Photo: Nikolas Mastoras
Photo: Deputy Ministry of Tourism
In the province of Larnaka stands one of Cyprus’ most beautiful villages, Lefkara, famous for its leukarite, a form of embroidery, and silversmithing. The area is ideal for walks and visits to nearby monuments. Next to Lefkara is the village of Kato Drys, with oak trees, a winery, and home to delicious local jams. In the wider mountain range is the village of Vavla that is designated a protected site thanks to its white stone houses and delectable honey. Easy to access is the village Skarinou, located on the road that connects Nicosia, Limassol, and Larnaka. Skarinou is distinguishable by the traditional stone architecture of its homes, the hearty cuisine, and treasured local folklore. Rounding out this list of villages are Choirokoitia, Psematismenos, Kalavasos, and Tochni, located closer to the island’s shores, with accomodations offering a sense of cosmopolitan wellbeing.
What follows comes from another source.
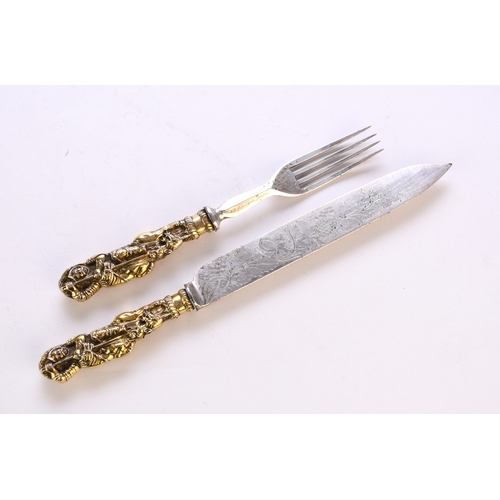 116 - A white metal and gilt metal 'George and Dragon' knife and fork, the figural gilt metal handles depi...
In the province of Pafos, agrotourist accommodations are available in the villages of Giolou, Goudi, Droushia, Episkopi, Kathikas, Kallepia, Akourdalia, Nikoklia, Pano Panayia, Arodes, Choulou, Miliou, and Poli Chrysochous. Of these, Kathikas stands out for its lush landscape, its stone-built houses, and amazing views both towards the mountains and the sea. Famous for its taverns and wine, it is a place where Cypriot gastronomy has achieved its purest and most unadulterated form. Do not miss out on visiting the small donkey shelter and the chance to connect with these wonderful animals up close. The mystical and charming village of Episkopi has much to offer. Dominated by rock formations above, and unique clusters of single-story homes below, the scene is reminiscent of Meteora. The rivers, valleys, watermills, Venetian bridges, chapels, and ruins in the vicinity still hold onto secrets from centuries past and are worthy destinations to explore. Panayia, the most remote among the villages of Pafos, is named for the many churches and monasteries in the area, most dedicated to Holy Mother (Panayia). The most prominent of the churches are Panayia Eleousa (16th century) that occupies the village centre, the historic Monastery of Panayia Chrysorogiatissa, and the Byzantine Monastery of Panayia tou Kykkou (Kykkos Monastery). Also iconic of the area are the “agrino”, an endangered species of wild sheep. There are a multitude of noteworthy wineries in Pafos carrying on with traditions of winemaking established in centuries past, many of them offering public tours and tastings.